I didn't miss the potential for harm. Instead, I suggested that if it's that bad, it might be more productive to make an enormous stink about prefixes (as this debate, thankfully, has) and consider ways of addressing the harm that don't cause more -- to the extent that such a thing is possible. That extent is a question for data to answer, and I've questioned what some of your data has shown. Working to get developers to change their behavior before committing yourselves fully to a path which is set to both drive prefixed features into the substrate of the web even further is what I'm advocating, all the while pointing out how we got here (Fennec and B2G late to the party, pain for Gecko embedders, etc.) so that we don't miss-ascribe outcomes to effects. Similarly, I didn't outline only one path (carrier distribution) to user acquisiton. It would have been foolish to do so; as the desktop FF and Chrome experiences without OS distribution and in the face of incompatibilities like ActiveX demonstrate.

Alex, I will try to reply in a positive way and avoid bitchy, tl;dr point-counterpoint style.

First, thanks for advocating that Chrome drop prefix support as soon as the unprefixed standards are mature enough. Appreciated.

Google, not you, would help by doing the same in the stock browser, since that has the biggest share by far among Google browsers on mobile devices. That would move content authors more than anything Mozilla (or Opera, I suspect) could afford to do via paid and community evangelism.
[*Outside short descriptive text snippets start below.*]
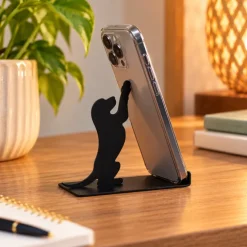 Telefoonhouder Hond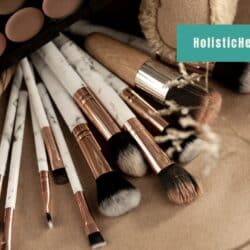 Cleaning Your Makeup Brushes at Home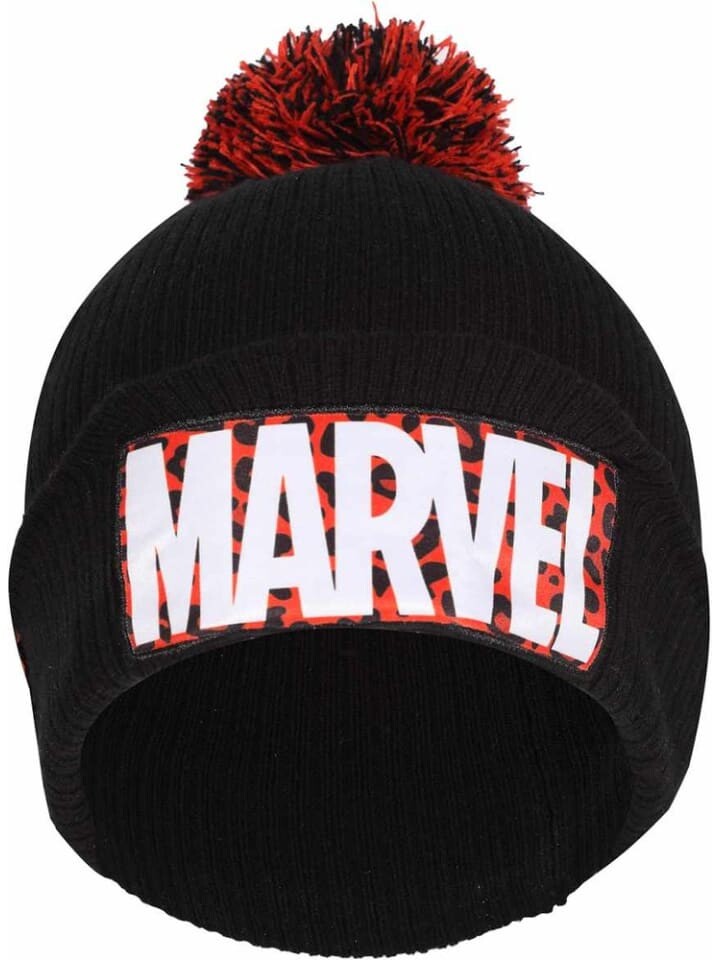 

Кепка Marvel, черный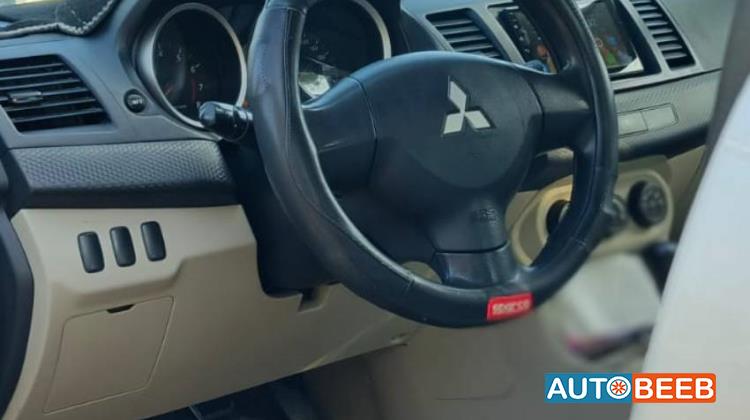 Mitsubishi Lancer 2015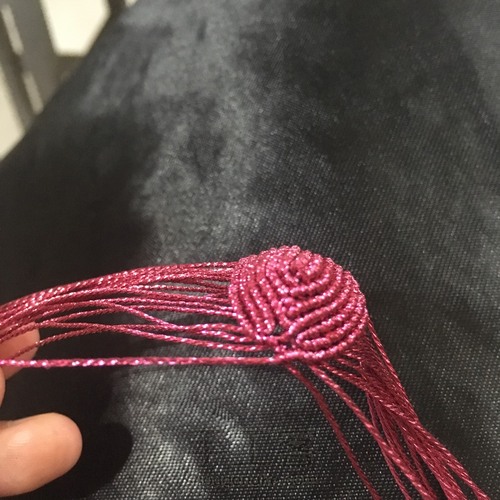 牡丹(简版) 第34步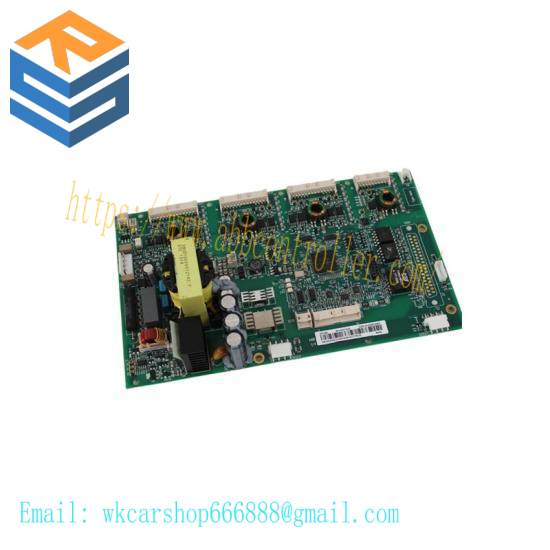 ABB ZINT-592 3AUA0000103603 Inverter Power Board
However, you misunderstood my turnabout-is-fair-play argument. I'm not seriously advocating that you drop prefix support in advance of standardization. I wrote that as a hypothetical, to get you to walk in our shoes. How would web sites (including Google's) look on Android stock browser or Chrome on ICS without -webkit support? Not good. See what I mean?

You write about "Mozilla's position" but Mozilla, Opera, and Microsoft made their pitch jointly. Also, we are still evaluating data and taking properties one-by-one and in related groups. It's possible that we will end up at "zero" as the count of -webkit prefixed properties to emulate. I hope so. But it is not likely at this point, IMHO.

If the only effect of our troika's broadside is to get the CSS WG to standardize unprefixed forms of the webkit-prefixed de-facto standards, great. That group needed a kick in the pants (or two). On this point, you and I agree.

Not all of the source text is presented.